Abdel-Nasser after his announcement that the Suez Canal had been nationalised (photo: mandaraonline)

Morsi’s rule, which started with his election as president in 2012, was a test of how the Brotherhood, known mainly up till then as a bumpkin charity organisation, would yield enormous political power. It was given the benefit of the doubt but serious misrule and dogged pursuance of its ultimate objective — the Brotherhoodisation of state and society — quickly brought its downfall when nationwide protests across the nation demanded its ouster.

Both regimes lost popular support which led to military intervention.

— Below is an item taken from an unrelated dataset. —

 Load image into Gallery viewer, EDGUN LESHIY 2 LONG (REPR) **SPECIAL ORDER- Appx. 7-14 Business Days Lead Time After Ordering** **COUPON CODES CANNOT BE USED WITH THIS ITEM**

The categorisation of the two events, either as military coups or popular revolutions, or a mix of both, remains a matter of intense debate. What cannot be denied is due to the particular nature of the relationship between the military on one hand and the state and society on the other, the army has historically been at the forefront of Egypt’s seismic shifts.

Another common thread bonding the two revolutions was and remains social justice which has now turned into a global demand as witnessed by massive demonstrations here and abroad. Other connecting themes were independence from colonialism and becoming free of aristocracy and autocracy, the latter, too, once again in the news.

Since the death of Abdel-Nasser in 1970, the man whose name will be forever associated with the 1952 revolution, celebrations of 23 July have become increasingly low-key. From being a major event in the life of the nation, 23 July is now little more than one public holiday among many, the day generating little national enthusiasm.

Abdel-Nasser’s funeral was one of the biggest in history.

Years from now the same fate of indifference will befall 30 June. But both revolutions which rose up against the monarchical and the Muslim Brotherhoodwere unique events in Egypt’s modern history, reshaping the country’s politics, economy and society.